START Material for this exercise

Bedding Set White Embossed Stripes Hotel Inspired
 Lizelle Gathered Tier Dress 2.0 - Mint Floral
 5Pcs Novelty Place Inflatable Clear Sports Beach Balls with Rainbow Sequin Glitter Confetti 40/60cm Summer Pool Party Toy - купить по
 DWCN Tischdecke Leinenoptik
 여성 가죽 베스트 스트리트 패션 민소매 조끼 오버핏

END Material for this exercise

What needs to be done:
Up to and including the line that contains "5Pcs Novelty Place", restate word for word every line of the entries, starting from the first.

Exercise response:
Bedding Set White Embossed Stripes Hotel Inspired
 Lizelle Gathered Tier Dress 2.0 - Mint Floral
 5Pcs Novelty Place Inflatable Clear Sports Beach Balls with Rainbow Sequin Glitter Confetti 40/60cm Summer Pool Party Toy - купить по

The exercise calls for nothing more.